Mediapart "attend avec sérénité un éventuel procès", a répliqué son directeur Edwy Plenel, pour qui "il ne suffit pas de contester l'authenticité du document révélé pour mettre fin aux suspicions".

Le président-candidat a ajouté avoir "honte pour l'AFP d'avoir fait une alerte sur un document faux" et plus généralement pour tous ceux qui ont utilisé ce document.

"Vous croyez vraiment qu'avec ce que j'ai fait à M. Kadhafi, il m'a fait un virement? Pourquoi pas un chèque endossé?", a insisté le candidat UMP.

Sur RTL, M. Fillon s'est dit "certain" que la note était un "faux" et a accusé M. Plenel d'être un "récidiviste" de ce type de pratiques.

Selon le Premier ministre, il n'y a "aucune trace d'un mandat international" visant Bachir Saleh, qui vit en France. "J'imagine que le gouvernement français serait au courant".

M. Fillon a assuré que M. Saleh disposait d'un "passeport diplomatique du Niger" et qu'"à ce titre, il est protégé par l'immunité diplomatique". Bachir Saleh "fait actuellement des allers et retours entre la France et le Niger".

En mars, un haut responsable militaire nigérien, le colonel Djibou Tahirou, avait assuré à l'AFP que son pays avait délivré à M. Saleh un passeport "sur le conseil et la pression d'un pays européen" qu'il n'a pas nommé, puis l'avait annulé.

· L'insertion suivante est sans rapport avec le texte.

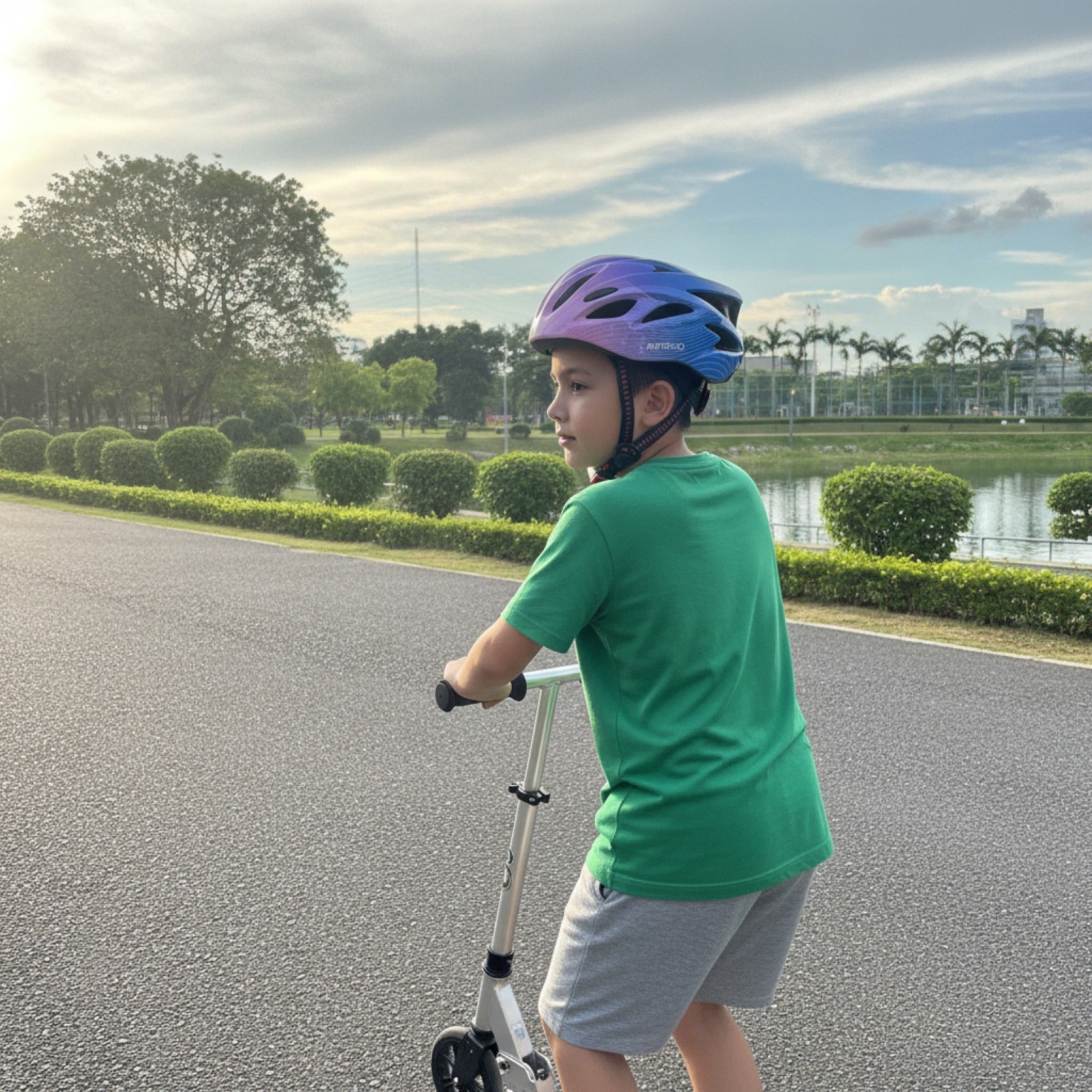 Casque Vélo Ultraléger Enfant & Adolescent - Protection Scooter & VTT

Interrogé sur cette affaire, François Hollande a estimé que "c'est à la justice d'être saisie".

"Si c'est un faux eh bien le site sera condamné, si ce n'était pas un faux, à ce moment-là il y aurait des explications à fournir", a dit le candidat PS à l'Elysée, niant tout lien entre lui et Mediapart.

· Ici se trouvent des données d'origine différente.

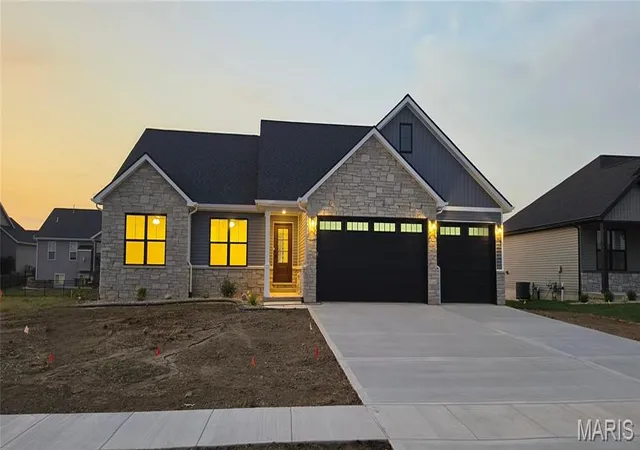 Photo 3 of Sale Pending at 324 George Bush Blvd, Troy, IL 62294 | MLS# MIS26049467 | Listing updated on 2026-10-21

Plus incisive, Ségolène Royal, qui affronta le président sortant en 2007, veut savoir "si l'élection de 2007 s'est déroulée dans des conditions légales". Sinon, a-t-elle affirmé, "le Conseil constitutionnel aurait inversé les résultats. Vous imaginez les conséquences? Ca voudrait dire que pendant cinq ans, Nicolas Sarkozy a exercé son mandat de façon illégitime".